**Exercise objective:**
Leave out the pictures and repeat exactly the lines from the one containing "La mitrailleuse pour" through the end of the records.
※ ※ ※
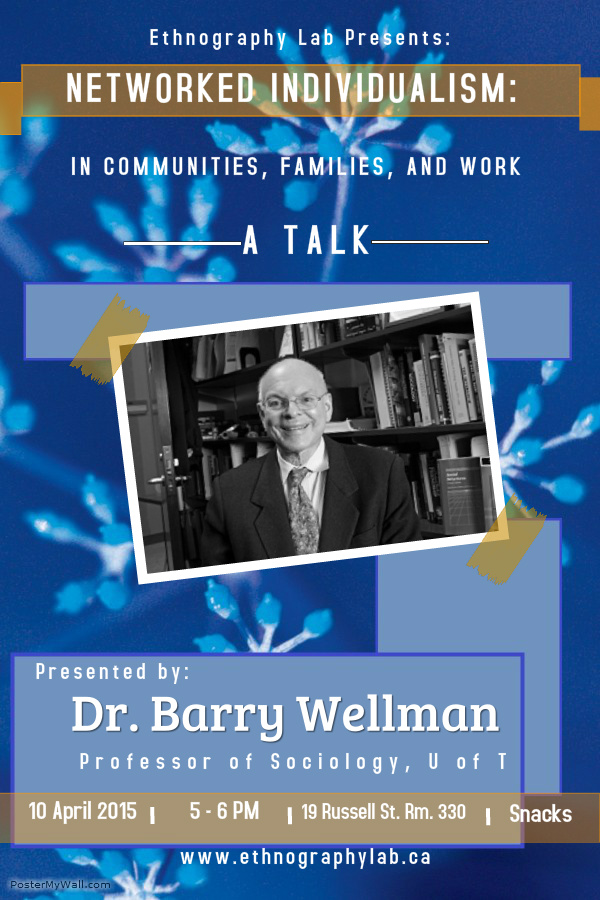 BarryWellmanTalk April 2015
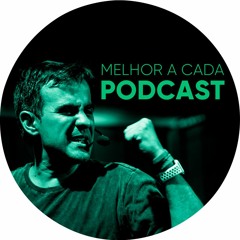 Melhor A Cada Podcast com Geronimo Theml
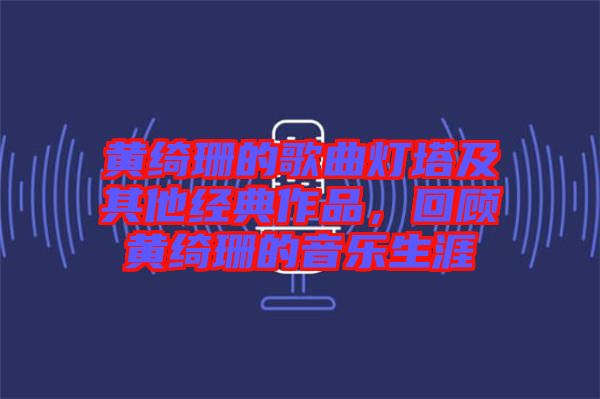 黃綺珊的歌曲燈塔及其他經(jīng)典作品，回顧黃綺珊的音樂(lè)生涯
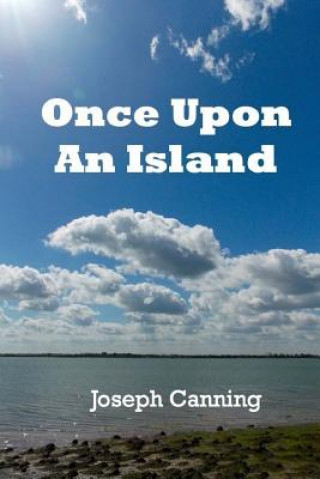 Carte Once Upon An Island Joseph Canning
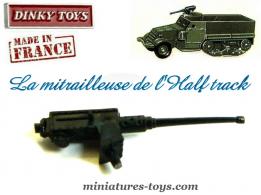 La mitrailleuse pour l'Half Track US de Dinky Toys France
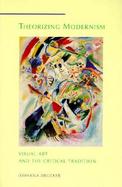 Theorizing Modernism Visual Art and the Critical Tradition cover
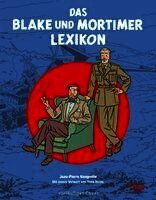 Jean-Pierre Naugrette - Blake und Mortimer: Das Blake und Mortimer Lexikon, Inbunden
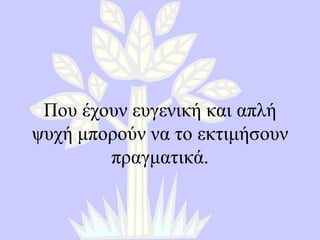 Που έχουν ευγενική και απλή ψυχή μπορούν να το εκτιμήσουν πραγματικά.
※ ※ ※
**Result for this exercise:**
 La mitrailleuse pour l'Half Track US de Dinky Toys France
 Theorizing Modernism Visual Art and the Critical Tradition cover
 Jean-Pierre Naugrette - Blake und Mortimer: Das Blake und Mortimer Lexikon, Inbunden
 Που έχουν ευγενική και απλή ψυχή μπορούν να το εκτιμήσουν πραγματικά.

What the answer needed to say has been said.